Совсем другое впечатление производит опубликованная в декабрьской книжке (1960 год) журнала «Прёв» [2]статья Роже Килло «От Шолохова до эпопеи». Это выступление, в котором все – от общих рассуждений о литературе до характеристик шолоховских героев, от «эстетических» оценок до недорого стоящих острот – продиктовано соображениями, далекими от искусства, или, попросту говоря, ненавистью к нашей стране, советскому народу. Килло и не особенно скрывает это. «Любопытство скорее политического, чем литературного характера, толкает нас на поиски в каждом романе признаков эволюции русского мира», – пишет он. И так как, естественно, в «Они сражались за Родину» ему нечем утолить это «любопытство», он с раздраженным разочарованием заявляет, что считает произведение Шолохова «провалом». Впрочем, «любопытство» все равно не дает покоя Килло, и его попытки отыскать во что бы то ни стало «признаки» желанной «эволюции русского мира» становятся просто смешными. Нет, мы ничуть не преувеличиваем, именно смешными.
Критик приводит, например, реплику Лопахина (он многозначительно называет его «шахтером-активистом»), который на шутливый упрек Звягинцева («Господи боже мой, до чего же ты, Петя, сквернословить горазд!») отвечает с издевкой: «Это, браток, кто кого привык чаще вспоминать.

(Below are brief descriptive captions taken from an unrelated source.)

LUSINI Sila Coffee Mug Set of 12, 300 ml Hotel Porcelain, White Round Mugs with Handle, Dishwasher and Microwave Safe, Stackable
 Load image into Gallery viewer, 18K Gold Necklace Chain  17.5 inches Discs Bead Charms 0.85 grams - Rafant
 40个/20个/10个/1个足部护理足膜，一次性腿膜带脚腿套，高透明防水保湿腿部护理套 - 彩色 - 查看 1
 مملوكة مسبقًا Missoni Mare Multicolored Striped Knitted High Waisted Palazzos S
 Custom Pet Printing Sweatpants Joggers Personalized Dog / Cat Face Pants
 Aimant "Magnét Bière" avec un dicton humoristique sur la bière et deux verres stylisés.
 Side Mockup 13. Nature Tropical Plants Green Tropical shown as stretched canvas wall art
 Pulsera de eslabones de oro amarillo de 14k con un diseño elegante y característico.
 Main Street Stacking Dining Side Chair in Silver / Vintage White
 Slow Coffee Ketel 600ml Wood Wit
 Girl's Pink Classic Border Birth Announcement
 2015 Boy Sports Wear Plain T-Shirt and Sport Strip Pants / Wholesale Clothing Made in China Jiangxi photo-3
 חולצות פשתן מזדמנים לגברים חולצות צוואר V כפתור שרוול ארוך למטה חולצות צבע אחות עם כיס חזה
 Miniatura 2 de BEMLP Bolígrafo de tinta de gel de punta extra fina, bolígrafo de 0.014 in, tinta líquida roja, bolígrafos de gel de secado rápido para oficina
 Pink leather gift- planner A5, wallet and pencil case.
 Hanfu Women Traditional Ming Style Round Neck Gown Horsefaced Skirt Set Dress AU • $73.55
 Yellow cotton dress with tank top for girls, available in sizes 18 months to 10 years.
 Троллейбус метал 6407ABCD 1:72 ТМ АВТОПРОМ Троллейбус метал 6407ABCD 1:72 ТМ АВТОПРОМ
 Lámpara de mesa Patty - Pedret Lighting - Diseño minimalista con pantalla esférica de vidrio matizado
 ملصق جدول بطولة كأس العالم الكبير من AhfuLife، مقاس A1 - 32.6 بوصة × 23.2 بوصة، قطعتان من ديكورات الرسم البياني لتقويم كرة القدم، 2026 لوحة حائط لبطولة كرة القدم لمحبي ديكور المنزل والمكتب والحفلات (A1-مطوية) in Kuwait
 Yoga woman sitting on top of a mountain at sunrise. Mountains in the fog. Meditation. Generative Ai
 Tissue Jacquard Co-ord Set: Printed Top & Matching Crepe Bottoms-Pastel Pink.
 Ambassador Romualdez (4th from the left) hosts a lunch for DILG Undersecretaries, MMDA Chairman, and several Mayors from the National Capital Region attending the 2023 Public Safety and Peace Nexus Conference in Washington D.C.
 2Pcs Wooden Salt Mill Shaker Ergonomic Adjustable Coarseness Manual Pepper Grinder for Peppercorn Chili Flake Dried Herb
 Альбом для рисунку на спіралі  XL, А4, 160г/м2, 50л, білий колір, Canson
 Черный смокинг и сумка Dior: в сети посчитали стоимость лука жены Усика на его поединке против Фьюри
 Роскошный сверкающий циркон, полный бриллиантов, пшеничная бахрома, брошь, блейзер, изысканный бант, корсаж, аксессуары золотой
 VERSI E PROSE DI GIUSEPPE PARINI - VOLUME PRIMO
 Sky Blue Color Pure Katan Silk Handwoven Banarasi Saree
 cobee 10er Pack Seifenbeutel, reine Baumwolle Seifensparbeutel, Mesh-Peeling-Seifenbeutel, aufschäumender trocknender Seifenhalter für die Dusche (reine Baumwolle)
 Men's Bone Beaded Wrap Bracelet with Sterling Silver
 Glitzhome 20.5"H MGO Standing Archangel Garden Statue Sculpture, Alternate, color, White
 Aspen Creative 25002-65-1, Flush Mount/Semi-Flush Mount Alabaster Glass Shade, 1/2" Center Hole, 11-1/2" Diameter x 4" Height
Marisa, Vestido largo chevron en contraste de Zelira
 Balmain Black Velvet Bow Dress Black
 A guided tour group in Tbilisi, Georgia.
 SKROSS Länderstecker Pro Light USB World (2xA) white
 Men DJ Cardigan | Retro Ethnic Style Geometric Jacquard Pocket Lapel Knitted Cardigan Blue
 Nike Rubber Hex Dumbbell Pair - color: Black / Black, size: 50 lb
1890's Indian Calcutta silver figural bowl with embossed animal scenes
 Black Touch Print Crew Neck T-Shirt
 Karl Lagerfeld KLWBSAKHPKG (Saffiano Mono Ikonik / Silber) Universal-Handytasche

У тебя вон за каждым словом – «господи боже мой», а у меня – другая поговорка…» – критик приводит эту последнюю фразу для того, чтобы задать глубокомысленно «разоблачающий» вопрос: «Что это – доказательство религиозного либерализма, машинальное проявление пережитка или свидетельство национального единства, перекрывающего различные традиции?» Или другой пример. Юмористический монолог Лопахина, живо рисующего трудности генеральской жизни, истолкован Килло как «длинный и сочный нагоняй» товарищу, в речах которого прозвучало недовольство начальством. «Отсюда, – делает он еще один «разоблачительный» вывод, – каждый должен понять, что шутить по поводу иерархии дурно». Право же, можно только посочувствовать критику «Прёв», вынужденному столь «сомнительным» материалом удовлетворять свое до такой степени разгоряченное любопытство, что оно явно лишает его чувства юмора.
Если Килло и отмечает как единственное достоинство «Они сражались за Родину» то, что Шолохов пишет о простых солдатах (риторически вопрошая: «Признак ли это новых времен?»), делается это лишь с одной целью – противопоставить Шолохова всей советской литературе военных и послевоенных лет, у которой якобы «в чести» были одни только генералы и офицеры, и таким образом бросить на нее тень. Сколь основательно это делается, можно судить хотя бы по тому, что главы «Они сражались за Родину» начали печататься в «Правде» в мае 1943 года, почти двадцать лет назад. Мы уже не говорим о том, что во многих произведениях («Василий Теркин» А. Твардовского, «В окопах Сталинграда» В. Некрасова, «Звезда» Э. Казакевича, «Алексей Куликов – боец» Б. Горбатова и др.) именно того периода, который Килло намерен представить как пустыню, запечатлен образ советского солдата. Что это, неосведомленность самого критика или, быть может, расчет на неосведомленность читателей?